Repeat only the lines below from the one that contains "構造医学 延ローラーⅡ型（境界層延転子） 構造医学 延ローラーⅡ" through the final line, exactly. Omit pictures.

* Provided material:

----------------

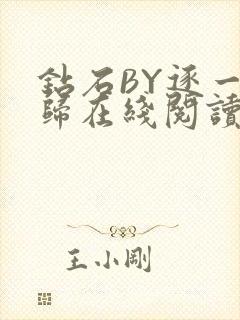 钻石BY逐一而归在线阅读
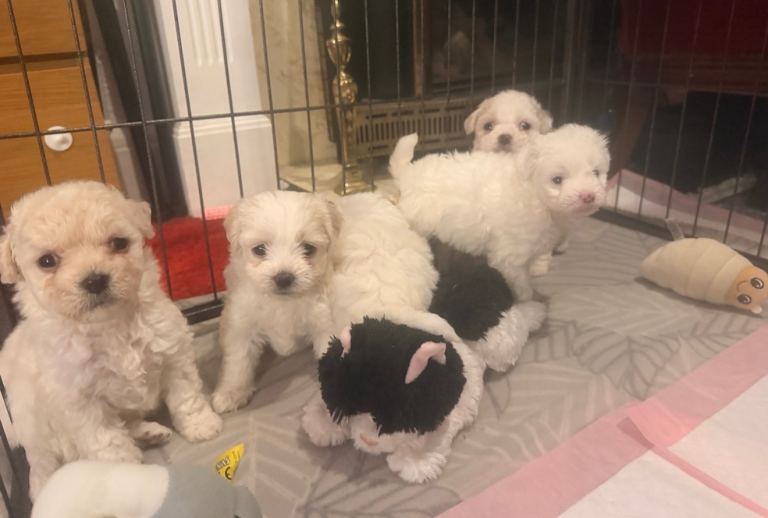 Beautiful Bichon Frise Puppies – Loving Family Homes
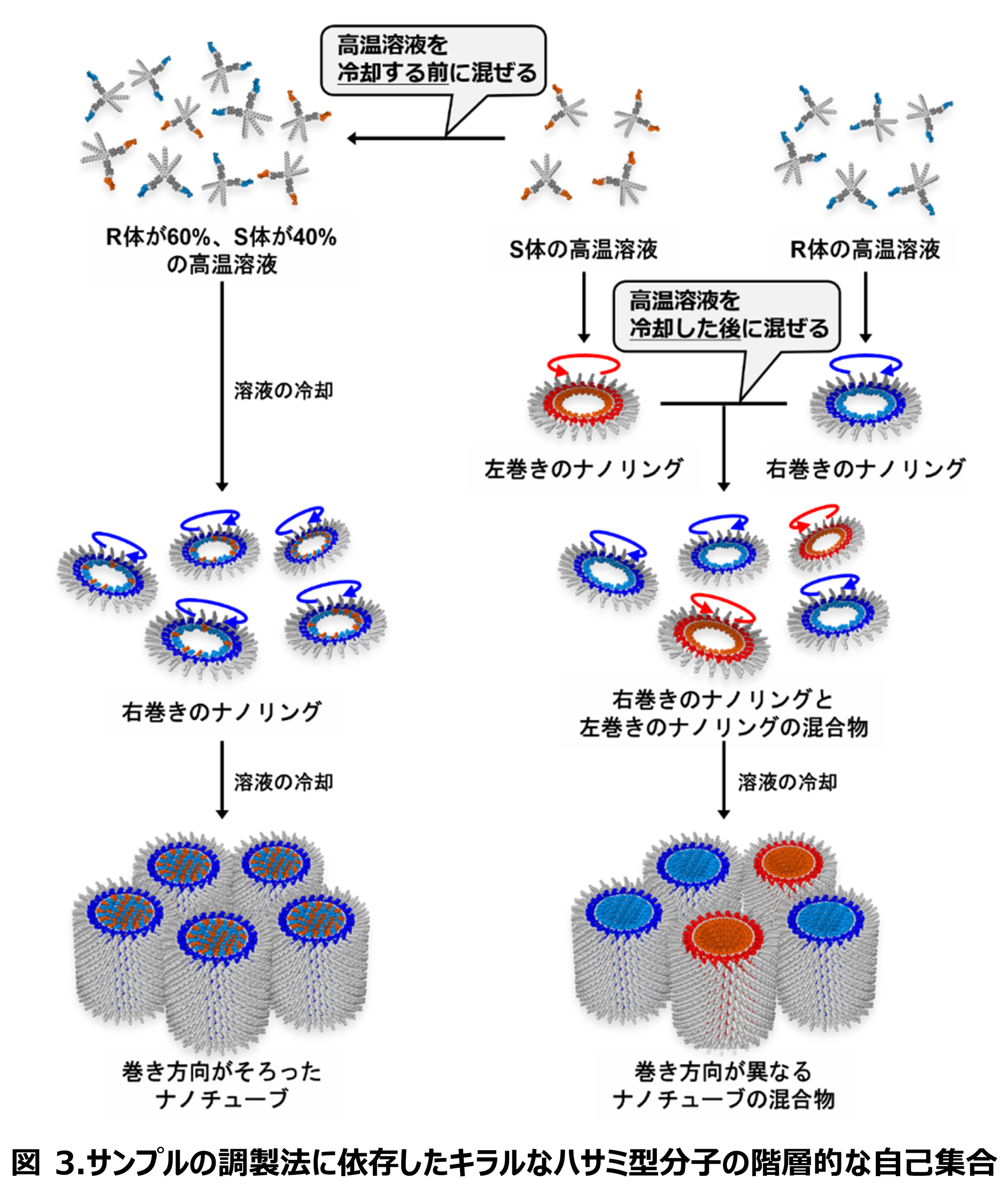 構造医学 延ローラーⅡ型（境界層延転子） 構造医学 延ローラーⅡ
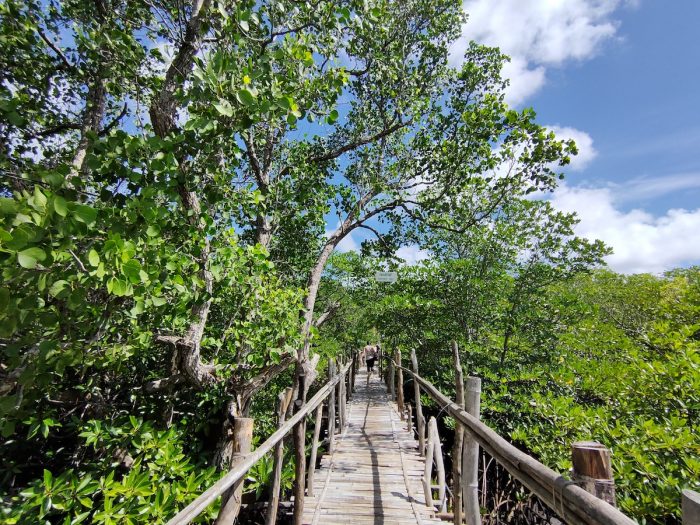 Elevated Bamboo Pathway to Lamanoc Boat dock station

----------------

* Task output:
 構造医学 延ローラーⅡ型（境界層延転子） 構造医学 延ローラーⅡ
 Elevated Bamboo Pathway to Lamanoc Boat dock station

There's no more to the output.